Action item:
Below are the records; extract from them the line containing "3 slaapkamer Villa" to the line containing "Na snímke migranti prichádzajúci do Ceuty.", both lines included, exactly and with no pictures.
*** Opening of Source material ***
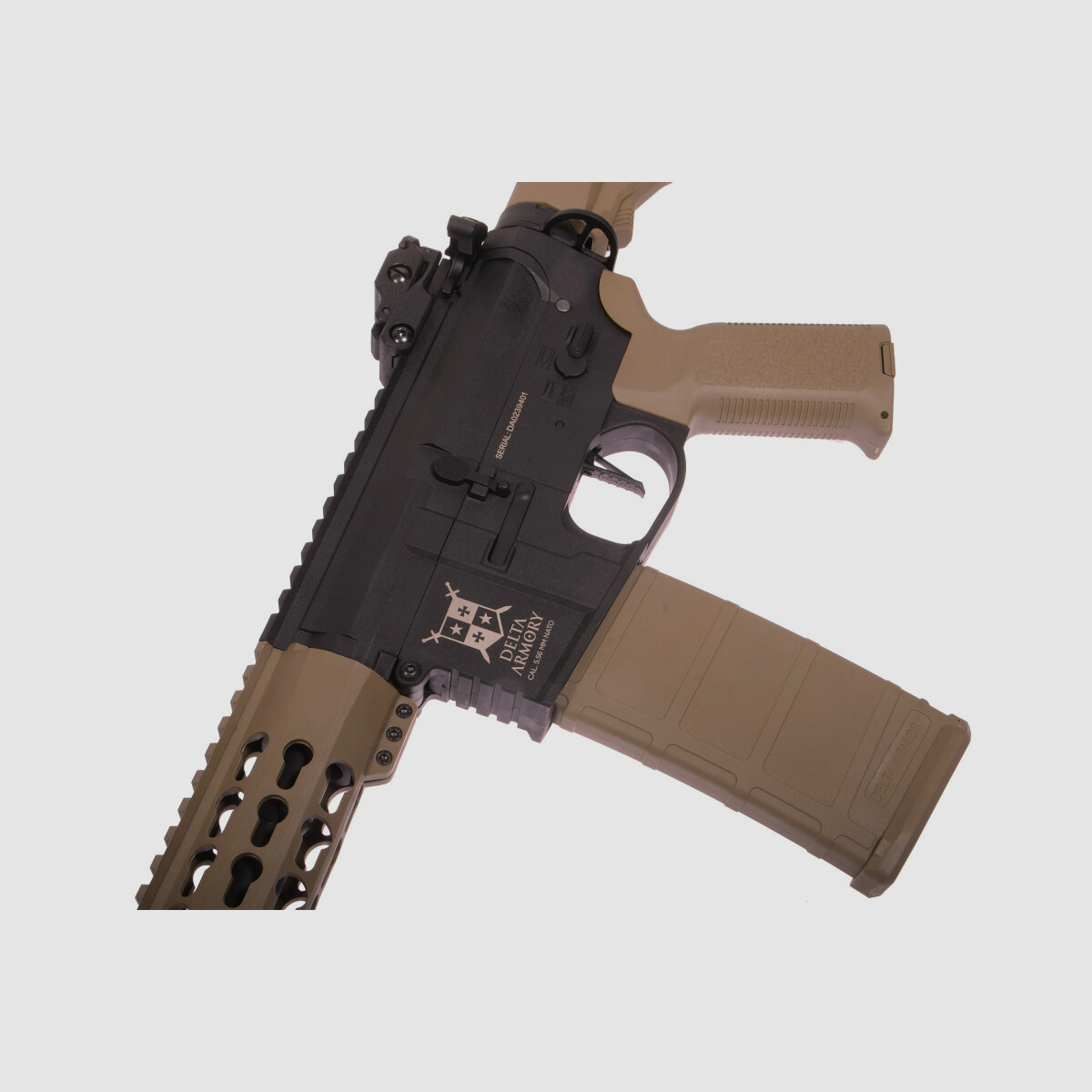 AR15 KeyMod 10 pulgadas PREDATOR CHARLIE EAGLE ETU Tan/Negro S-AEG Rifle Airsoft Libre a partir de 18 años | Delta Armory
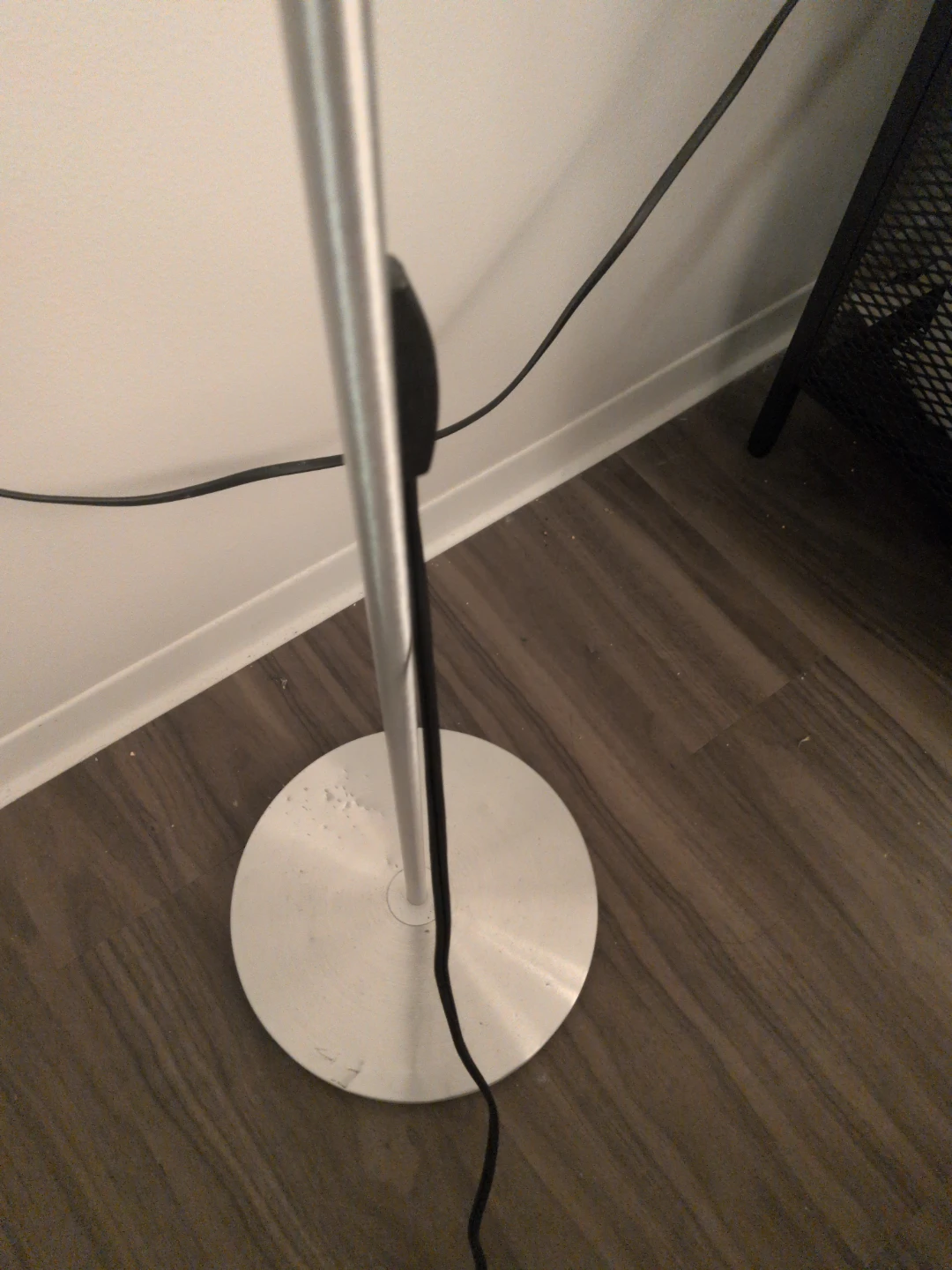 Bendy neck IKEA lamp - photo 2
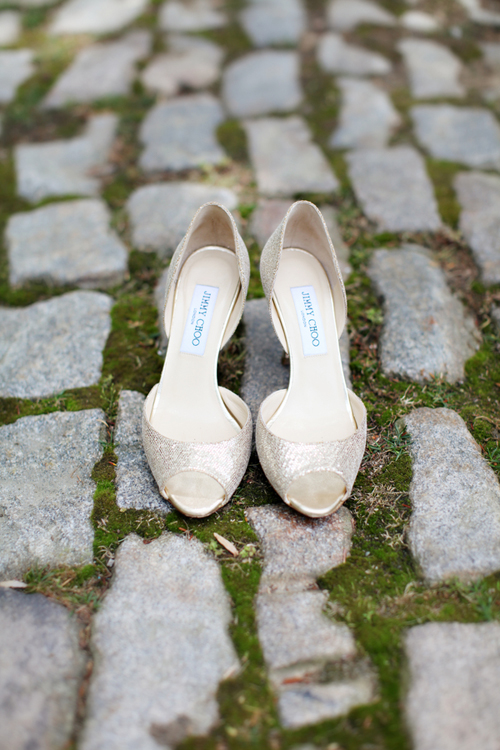 Grey and cream seaside wedding in Newport News, VA, photos by Whitebox Weddings via junebugweddings.com Grey and cream seaside wedding in Newport News, VA, photos by Whitebox Weddings via junebugweddings.com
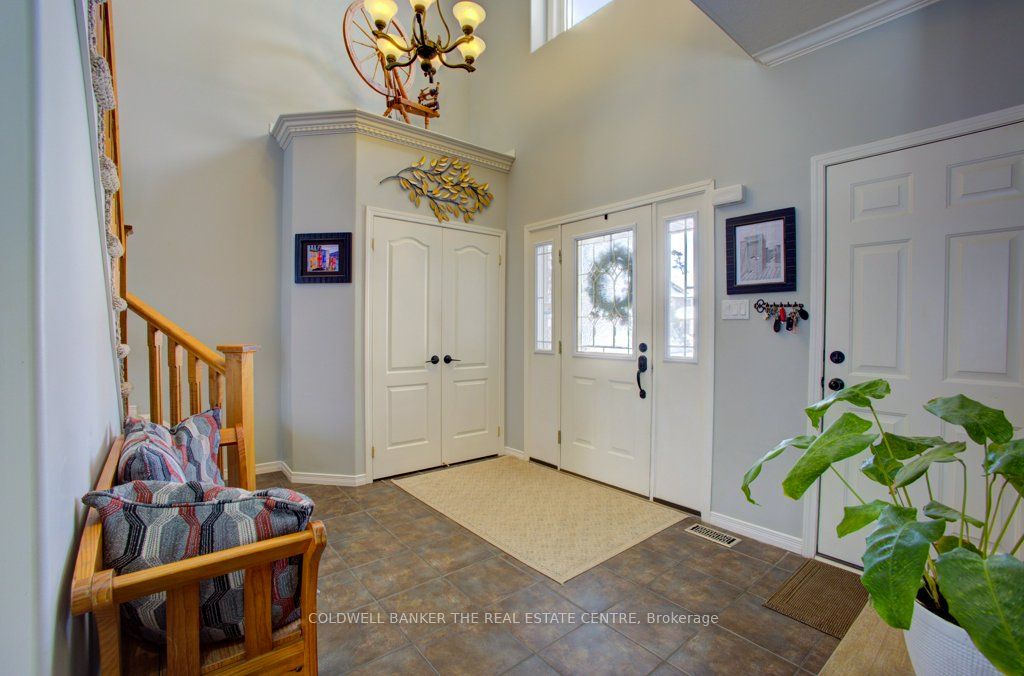80 Armeda Clow Crescent Property Photo 6
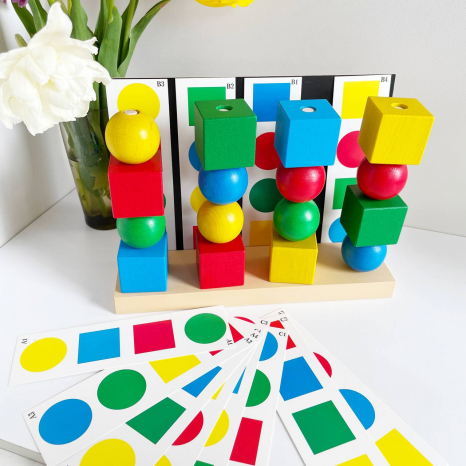 Деревянная игрушка пирамидка Умник с карточками - заданиями KomarovToys A335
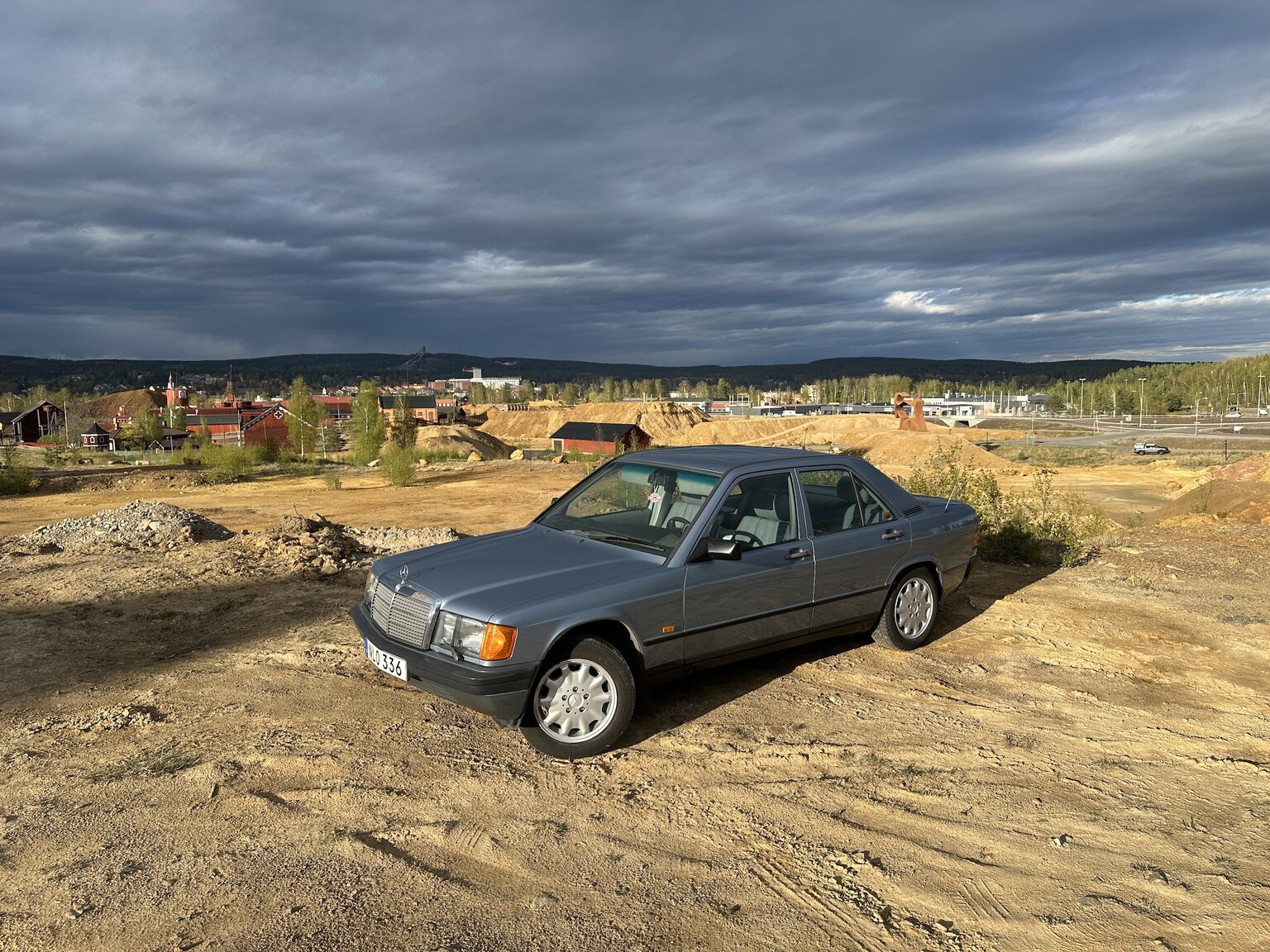 Exterior image of 1988 Mercedes-Benz 190 E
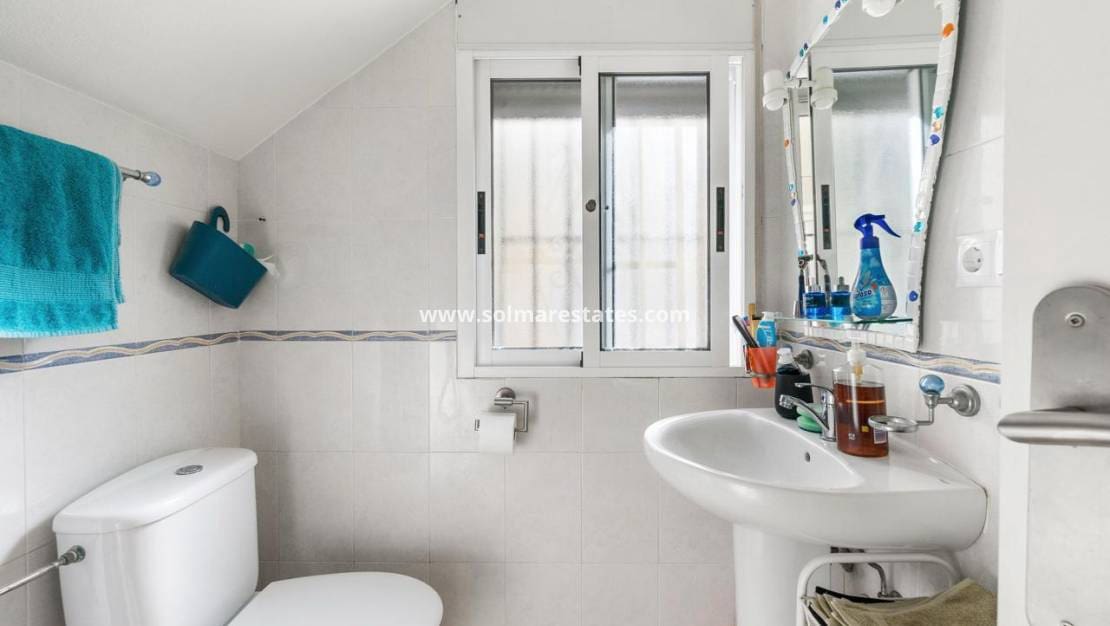 3 slaapkamer Villa te koop in Villamartin met zwembad - € 295.000 (Ref: 9094440)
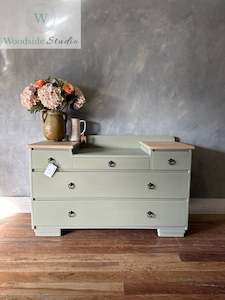 Rubbed Sage Oak Dresser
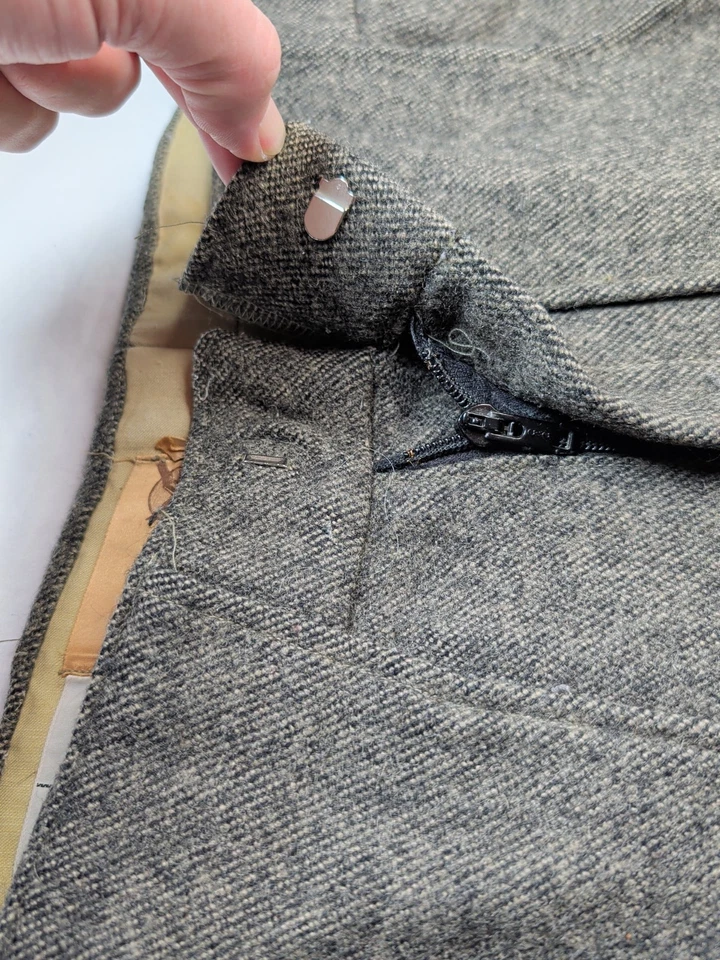 Vintage LANDAV Designs Men’s 36 Wool Blend Brown Herringbone Knicker Pants - Image 3 of 4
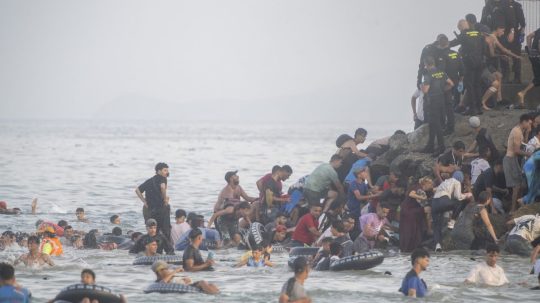 Na snímke migranti prichádzajúci do Ceuty.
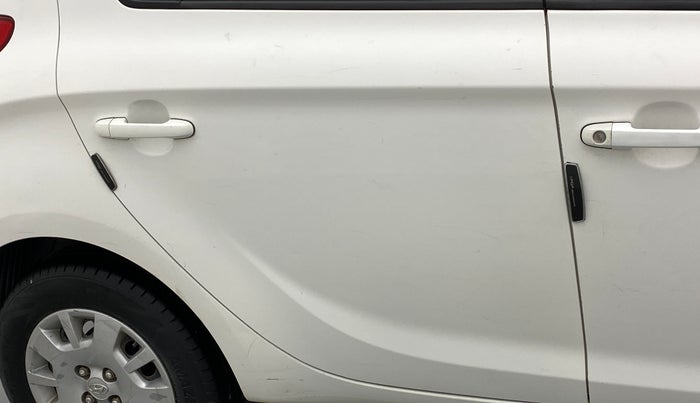 2012 Hyundai i20 MAGNA (O) 1.2, Petrol, Manual, 70,470 km, Right rear door - Minor scratches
*** Close of Source material ***
Answer for this exercise:
 3 slaapkamer Villa te koop in Villamartin met zwembad - € 295.000 (Ref: 9094440)
 Rubbed Sage Oak Dresser
 Vintage LANDAV Designs Men’s 36 Wool Blend Brown Herringbone Knicker Pants - Image 3 of 4
 Na snímke migranti prichádzajúci do Ceuty.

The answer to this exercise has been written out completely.